Records to process
● ● ●

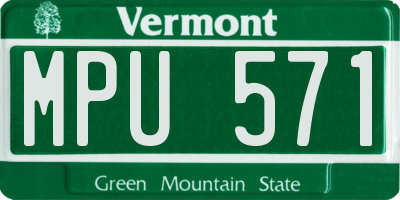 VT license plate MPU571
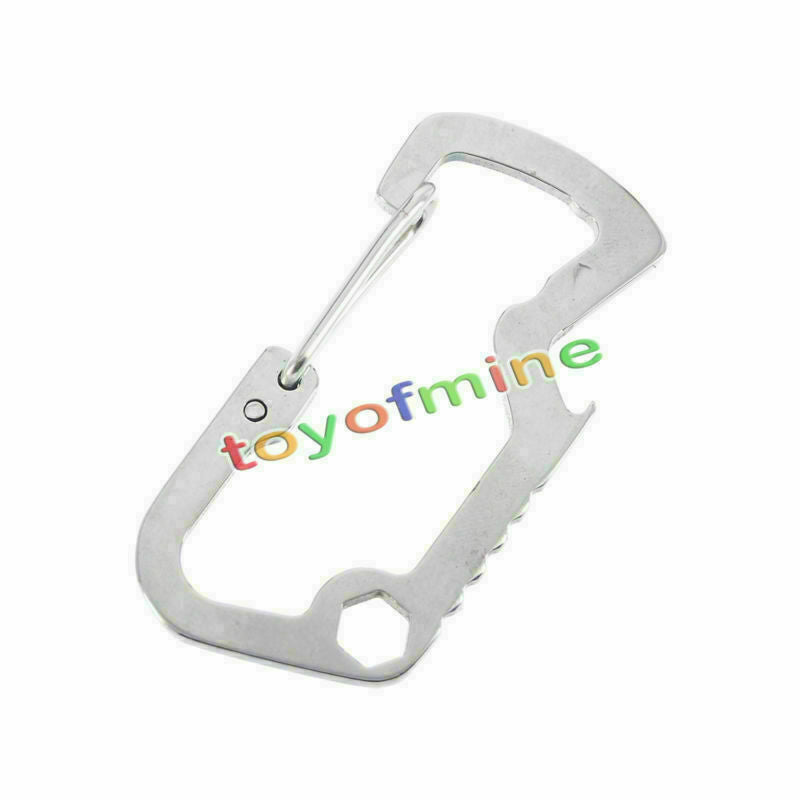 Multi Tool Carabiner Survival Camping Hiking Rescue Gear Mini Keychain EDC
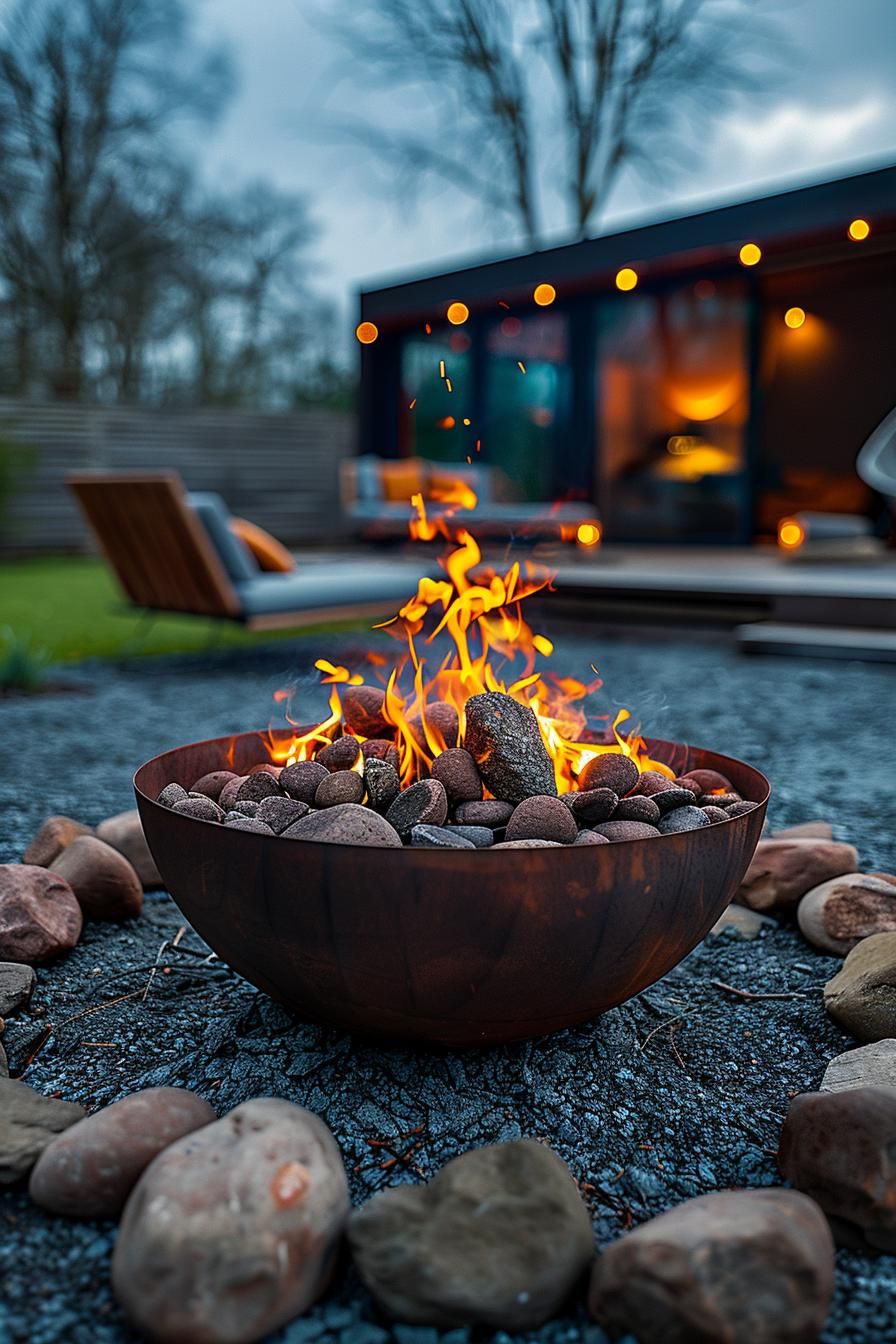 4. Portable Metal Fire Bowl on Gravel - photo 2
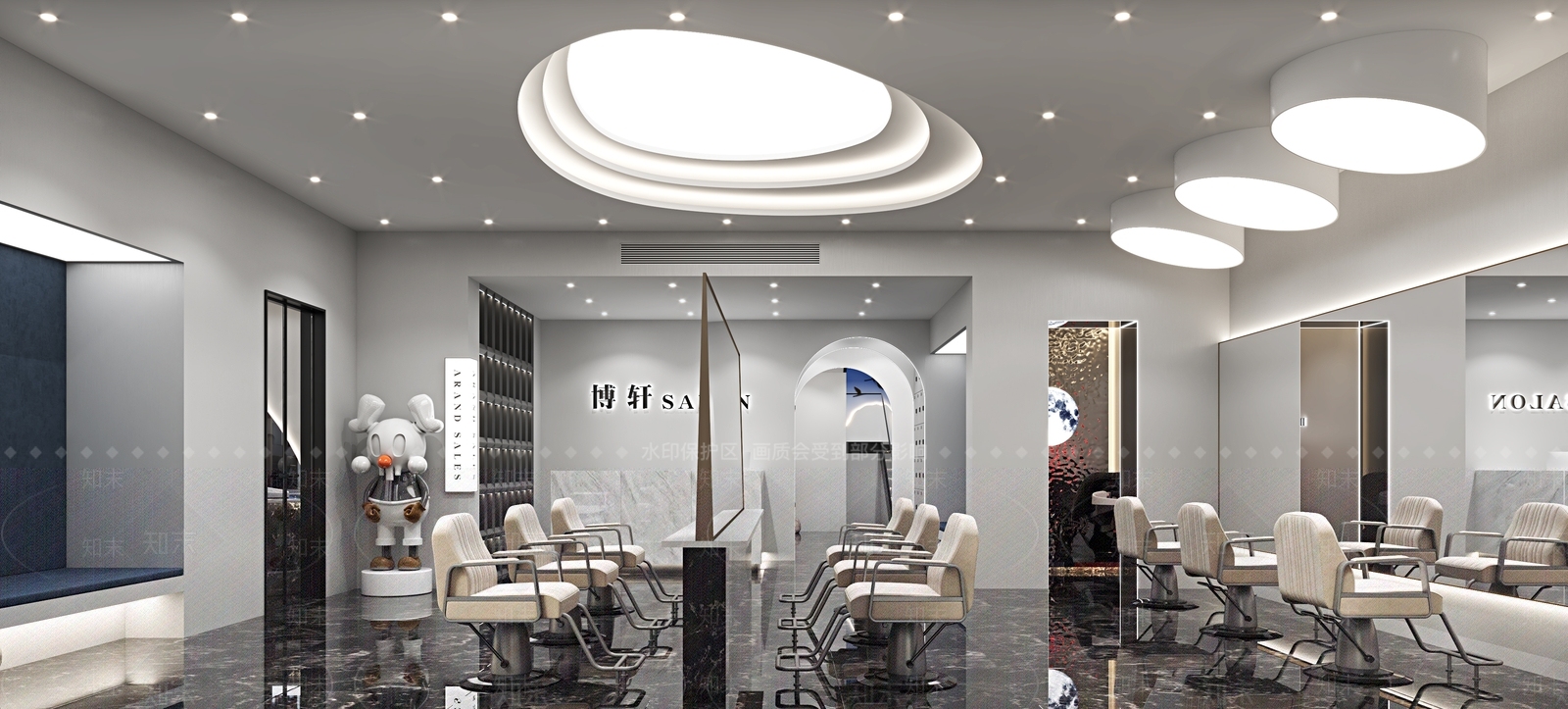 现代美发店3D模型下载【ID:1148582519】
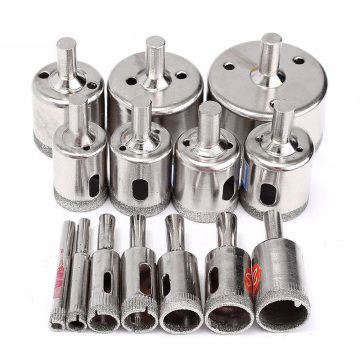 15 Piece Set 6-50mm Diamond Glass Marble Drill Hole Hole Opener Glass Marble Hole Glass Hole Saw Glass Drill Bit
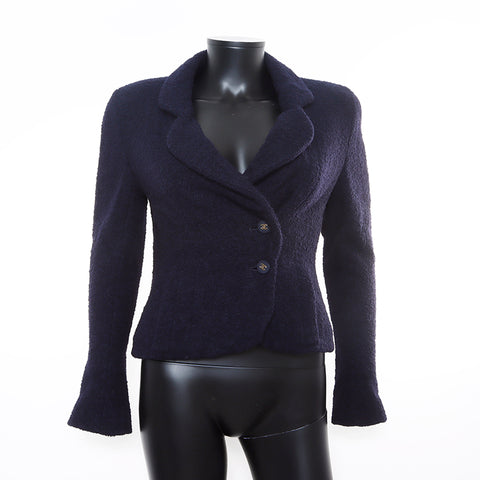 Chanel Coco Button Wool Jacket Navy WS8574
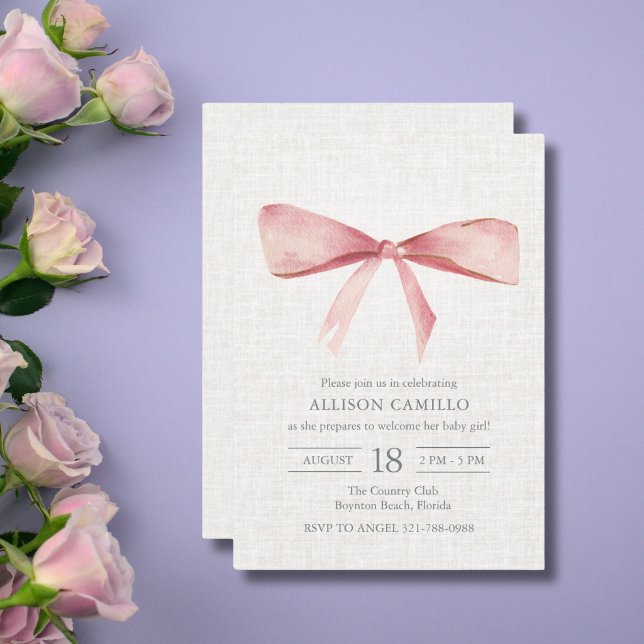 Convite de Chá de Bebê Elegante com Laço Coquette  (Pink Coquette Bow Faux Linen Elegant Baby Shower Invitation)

● ● ●

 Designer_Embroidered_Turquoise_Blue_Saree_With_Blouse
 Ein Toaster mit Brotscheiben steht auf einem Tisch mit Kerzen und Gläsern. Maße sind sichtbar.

● ● ●

Exercise goal
Look above for the line with "Designer_Embroidered_Turquoise_Blue_Saree_With_Blouse"; retype exactly that line, every line after it up to the line with "Ein Toaster mit", and that line too, nothing else.

Written solution
 Designer_Embroidered_Turquoise_Blue_Saree_With_Blouse
 Ein Toaster mit Brotscheiben steht auf einem Tisch mit Kerzen und Gläsern. Maße sind sichtbar.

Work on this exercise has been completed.